(Items listed in a dataset)
====

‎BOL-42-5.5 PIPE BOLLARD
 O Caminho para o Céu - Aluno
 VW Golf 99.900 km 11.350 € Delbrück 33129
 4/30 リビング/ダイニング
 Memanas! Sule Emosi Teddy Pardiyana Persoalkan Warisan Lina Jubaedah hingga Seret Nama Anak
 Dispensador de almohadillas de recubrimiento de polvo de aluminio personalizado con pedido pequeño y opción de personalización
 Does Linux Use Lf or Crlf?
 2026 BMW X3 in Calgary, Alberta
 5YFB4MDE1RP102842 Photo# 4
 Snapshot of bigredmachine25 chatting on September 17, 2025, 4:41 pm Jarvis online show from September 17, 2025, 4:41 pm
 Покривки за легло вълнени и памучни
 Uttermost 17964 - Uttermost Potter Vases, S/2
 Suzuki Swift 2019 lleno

====

• [The problem] What's wanted is a faithful copy of each entry above.

• [Completed exercise]
‎BOL-42-5.5 PIPE BOLLARD
 O Caminho para o Céu - Aluno
 VW Golf 99.900 km 11.350 € Delbrück 33129
 4/30 リビング/ダイニング
 Memanas! Sule Emosi Teddy Pardiyana Persoalkan Warisan Lina Jubaedah hingga Seret Nama Anak
 Dispensador de almohadillas de recubrimiento de polvo de aluminio personalizado con pedido pequeño y opción de personalización
 Does Linux Use Lf or Crlf?
 2026 BMW X3 in Calgary, Alberta
 5YFB4MDE1RP102842 Photo# 4
 Snapshot of bigredmachine25 chatting on September 17, 2025, 4:41 pm Jarvis online show from September 17, 2025, 4:41 pm
 Покривки за легло вълнени и памучни
 Uttermost 17964 - Uttermost Potter Vases, S/2
 Suzuki Swift 2019 lleno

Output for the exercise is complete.